## WORK INSTRUCTIONS:
Print nothing but the lines below starting at the line that holds "Leon_EKP@26P_2017_04_25 - Longtail" and ending at the line that holds "A Wisteria Balcony", including both, each exactly as written.

Segment Start: SOURCE DATA

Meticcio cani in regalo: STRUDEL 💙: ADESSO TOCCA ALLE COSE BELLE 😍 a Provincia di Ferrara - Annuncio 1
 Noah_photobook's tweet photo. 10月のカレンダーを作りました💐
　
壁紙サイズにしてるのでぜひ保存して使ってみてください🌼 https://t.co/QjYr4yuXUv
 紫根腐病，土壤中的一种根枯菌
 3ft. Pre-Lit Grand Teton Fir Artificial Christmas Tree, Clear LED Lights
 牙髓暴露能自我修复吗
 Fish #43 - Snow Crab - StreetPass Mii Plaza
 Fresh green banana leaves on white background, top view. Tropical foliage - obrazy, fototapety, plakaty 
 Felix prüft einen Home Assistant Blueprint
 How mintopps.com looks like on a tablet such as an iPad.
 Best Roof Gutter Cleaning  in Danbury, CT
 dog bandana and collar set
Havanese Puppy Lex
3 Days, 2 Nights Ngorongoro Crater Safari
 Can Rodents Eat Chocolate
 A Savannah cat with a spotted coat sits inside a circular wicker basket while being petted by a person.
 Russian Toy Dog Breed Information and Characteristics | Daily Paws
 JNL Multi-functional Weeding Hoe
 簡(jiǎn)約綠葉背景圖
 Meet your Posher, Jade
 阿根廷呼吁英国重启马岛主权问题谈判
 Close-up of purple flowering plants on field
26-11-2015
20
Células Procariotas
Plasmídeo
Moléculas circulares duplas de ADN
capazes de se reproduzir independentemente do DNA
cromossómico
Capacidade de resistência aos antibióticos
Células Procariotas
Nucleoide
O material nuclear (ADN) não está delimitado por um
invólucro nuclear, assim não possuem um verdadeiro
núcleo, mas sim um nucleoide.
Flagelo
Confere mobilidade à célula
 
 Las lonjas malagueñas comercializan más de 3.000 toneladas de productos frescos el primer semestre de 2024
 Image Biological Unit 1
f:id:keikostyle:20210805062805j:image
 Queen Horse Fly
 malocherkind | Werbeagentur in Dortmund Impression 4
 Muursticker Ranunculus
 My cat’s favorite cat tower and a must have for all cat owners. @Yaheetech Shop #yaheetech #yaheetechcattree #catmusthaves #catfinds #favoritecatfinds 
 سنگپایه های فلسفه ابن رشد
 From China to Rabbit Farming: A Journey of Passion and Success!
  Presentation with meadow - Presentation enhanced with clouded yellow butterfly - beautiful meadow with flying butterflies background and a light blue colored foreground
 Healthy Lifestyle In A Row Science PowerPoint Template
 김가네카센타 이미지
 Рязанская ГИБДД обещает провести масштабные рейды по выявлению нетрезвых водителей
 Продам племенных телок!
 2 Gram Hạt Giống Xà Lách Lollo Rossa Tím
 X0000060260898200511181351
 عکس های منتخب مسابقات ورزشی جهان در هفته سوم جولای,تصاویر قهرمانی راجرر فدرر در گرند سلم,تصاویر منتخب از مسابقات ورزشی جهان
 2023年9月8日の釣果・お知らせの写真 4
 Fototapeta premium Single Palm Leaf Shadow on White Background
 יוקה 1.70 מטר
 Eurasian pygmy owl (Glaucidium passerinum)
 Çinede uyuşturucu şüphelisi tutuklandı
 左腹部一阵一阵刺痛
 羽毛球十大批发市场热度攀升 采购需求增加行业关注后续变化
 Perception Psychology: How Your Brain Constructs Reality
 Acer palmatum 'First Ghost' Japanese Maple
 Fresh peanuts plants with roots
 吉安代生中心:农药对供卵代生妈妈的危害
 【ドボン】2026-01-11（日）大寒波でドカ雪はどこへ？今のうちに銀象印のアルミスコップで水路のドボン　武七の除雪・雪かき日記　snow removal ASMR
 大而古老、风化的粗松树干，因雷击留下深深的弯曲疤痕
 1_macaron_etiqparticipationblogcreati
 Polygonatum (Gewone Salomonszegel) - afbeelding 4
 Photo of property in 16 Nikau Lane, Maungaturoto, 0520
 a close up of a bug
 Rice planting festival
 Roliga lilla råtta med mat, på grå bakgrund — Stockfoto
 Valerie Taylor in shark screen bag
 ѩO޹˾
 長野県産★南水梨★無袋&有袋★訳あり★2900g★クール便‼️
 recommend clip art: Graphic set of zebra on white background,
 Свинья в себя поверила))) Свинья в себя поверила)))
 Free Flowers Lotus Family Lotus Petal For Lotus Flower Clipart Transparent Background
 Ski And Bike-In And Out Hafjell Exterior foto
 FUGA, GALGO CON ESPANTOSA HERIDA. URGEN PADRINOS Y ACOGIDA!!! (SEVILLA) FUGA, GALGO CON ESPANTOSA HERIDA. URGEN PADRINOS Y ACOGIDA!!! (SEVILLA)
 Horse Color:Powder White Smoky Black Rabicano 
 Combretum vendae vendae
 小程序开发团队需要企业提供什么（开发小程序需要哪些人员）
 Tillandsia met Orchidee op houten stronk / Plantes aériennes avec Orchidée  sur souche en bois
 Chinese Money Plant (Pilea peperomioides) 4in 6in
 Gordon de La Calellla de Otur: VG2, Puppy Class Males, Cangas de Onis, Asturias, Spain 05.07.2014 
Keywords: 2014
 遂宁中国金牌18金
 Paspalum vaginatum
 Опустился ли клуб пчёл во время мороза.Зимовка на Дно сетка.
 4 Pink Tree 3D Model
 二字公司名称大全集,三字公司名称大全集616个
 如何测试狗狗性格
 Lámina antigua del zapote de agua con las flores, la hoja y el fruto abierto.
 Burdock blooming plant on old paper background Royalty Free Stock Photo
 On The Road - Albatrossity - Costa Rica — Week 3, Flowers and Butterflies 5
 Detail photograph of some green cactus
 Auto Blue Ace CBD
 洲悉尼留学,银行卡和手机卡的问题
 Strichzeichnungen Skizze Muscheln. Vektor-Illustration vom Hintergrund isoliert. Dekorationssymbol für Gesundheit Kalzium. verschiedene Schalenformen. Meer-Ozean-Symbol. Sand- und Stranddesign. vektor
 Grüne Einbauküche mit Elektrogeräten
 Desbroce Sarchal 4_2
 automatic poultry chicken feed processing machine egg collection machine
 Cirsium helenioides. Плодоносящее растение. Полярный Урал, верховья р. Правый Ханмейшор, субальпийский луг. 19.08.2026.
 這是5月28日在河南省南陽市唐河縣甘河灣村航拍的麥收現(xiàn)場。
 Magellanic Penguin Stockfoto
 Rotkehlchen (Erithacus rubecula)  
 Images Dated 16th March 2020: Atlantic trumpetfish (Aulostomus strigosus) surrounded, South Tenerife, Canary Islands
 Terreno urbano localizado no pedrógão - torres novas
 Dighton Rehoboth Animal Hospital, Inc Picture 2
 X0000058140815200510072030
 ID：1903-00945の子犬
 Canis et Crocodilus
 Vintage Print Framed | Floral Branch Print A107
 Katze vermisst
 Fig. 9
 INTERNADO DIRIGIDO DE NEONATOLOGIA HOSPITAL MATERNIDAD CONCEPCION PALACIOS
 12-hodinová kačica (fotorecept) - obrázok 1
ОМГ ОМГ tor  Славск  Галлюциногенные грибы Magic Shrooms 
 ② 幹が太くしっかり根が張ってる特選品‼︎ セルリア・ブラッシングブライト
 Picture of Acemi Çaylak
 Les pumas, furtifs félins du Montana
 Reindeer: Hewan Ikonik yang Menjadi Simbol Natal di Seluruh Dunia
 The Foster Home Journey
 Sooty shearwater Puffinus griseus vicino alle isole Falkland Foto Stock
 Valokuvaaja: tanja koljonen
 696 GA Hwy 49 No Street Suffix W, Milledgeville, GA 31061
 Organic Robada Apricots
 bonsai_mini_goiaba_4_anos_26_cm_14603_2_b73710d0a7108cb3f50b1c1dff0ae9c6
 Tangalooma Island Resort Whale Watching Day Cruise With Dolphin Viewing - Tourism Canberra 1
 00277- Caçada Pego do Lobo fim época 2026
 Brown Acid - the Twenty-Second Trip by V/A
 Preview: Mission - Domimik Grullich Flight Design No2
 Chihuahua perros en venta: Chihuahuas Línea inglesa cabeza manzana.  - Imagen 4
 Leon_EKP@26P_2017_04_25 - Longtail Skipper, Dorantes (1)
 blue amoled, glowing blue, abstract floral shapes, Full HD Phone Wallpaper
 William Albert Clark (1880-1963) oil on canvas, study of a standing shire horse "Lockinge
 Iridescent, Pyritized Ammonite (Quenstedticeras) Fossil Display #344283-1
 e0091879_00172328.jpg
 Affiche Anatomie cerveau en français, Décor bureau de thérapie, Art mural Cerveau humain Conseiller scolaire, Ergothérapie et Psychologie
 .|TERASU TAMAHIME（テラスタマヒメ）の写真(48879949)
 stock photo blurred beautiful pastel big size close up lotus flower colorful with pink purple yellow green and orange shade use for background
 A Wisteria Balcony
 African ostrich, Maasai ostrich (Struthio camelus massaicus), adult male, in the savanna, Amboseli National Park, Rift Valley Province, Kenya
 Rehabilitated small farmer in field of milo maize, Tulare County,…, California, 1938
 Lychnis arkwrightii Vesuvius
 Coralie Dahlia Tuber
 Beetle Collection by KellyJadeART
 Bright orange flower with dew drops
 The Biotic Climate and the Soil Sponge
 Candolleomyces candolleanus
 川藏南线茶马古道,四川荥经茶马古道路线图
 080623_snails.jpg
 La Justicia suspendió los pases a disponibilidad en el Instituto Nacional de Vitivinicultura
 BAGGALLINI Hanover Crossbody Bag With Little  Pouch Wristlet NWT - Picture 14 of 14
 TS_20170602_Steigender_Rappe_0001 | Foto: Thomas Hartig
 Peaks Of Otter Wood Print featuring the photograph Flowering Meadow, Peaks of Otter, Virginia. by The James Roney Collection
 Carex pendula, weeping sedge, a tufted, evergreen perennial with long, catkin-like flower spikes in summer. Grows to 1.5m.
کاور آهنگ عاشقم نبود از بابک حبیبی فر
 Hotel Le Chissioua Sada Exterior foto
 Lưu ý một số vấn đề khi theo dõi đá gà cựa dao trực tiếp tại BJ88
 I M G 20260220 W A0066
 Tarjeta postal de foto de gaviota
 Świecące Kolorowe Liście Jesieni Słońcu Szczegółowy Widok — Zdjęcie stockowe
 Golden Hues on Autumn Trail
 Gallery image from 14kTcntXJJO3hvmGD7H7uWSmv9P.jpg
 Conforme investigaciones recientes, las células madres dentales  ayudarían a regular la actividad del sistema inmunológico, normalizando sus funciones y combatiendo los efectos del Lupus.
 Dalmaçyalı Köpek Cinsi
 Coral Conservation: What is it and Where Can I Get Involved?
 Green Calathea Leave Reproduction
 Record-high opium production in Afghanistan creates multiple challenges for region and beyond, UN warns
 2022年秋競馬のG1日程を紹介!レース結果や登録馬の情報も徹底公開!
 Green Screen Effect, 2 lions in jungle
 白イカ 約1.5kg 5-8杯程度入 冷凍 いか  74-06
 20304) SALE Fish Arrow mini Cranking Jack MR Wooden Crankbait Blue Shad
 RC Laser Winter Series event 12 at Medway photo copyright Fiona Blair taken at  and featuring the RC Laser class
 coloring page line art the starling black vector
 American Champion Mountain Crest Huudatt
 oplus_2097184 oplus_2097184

Segment End: SOURCE DATA

## COMPLETED TASK:
 Leon_EKP@26P_2017_04_25 - Longtail Skipper, Dorantes (1)
 blue amoled, glowing blue, abstract floral shapes, Full HD Phone Wallpaper
 William Albert Clark (1880-1963) oil on canvas, study of a standing shire horse "Lockinge
 Iridescent, Pyritized Ammonite (Quenstedticeras) Fossil Display #344283-1
 e0091879_00172328.jpg
 Affiche Anatomie cerveau en français, Décor bureau de thérapie, Art mural Cerveau humain Conseiller scolaire, Ergothérapie et Psychologie
 .|TERASU TAMAHIME（テラスタマヒメ）の写真(48879949)
 stock photo blurred beautiful pastel big size close up lotus flower colorful with pink purple yellow green and orange shade use for background
 A Wisteria Balcony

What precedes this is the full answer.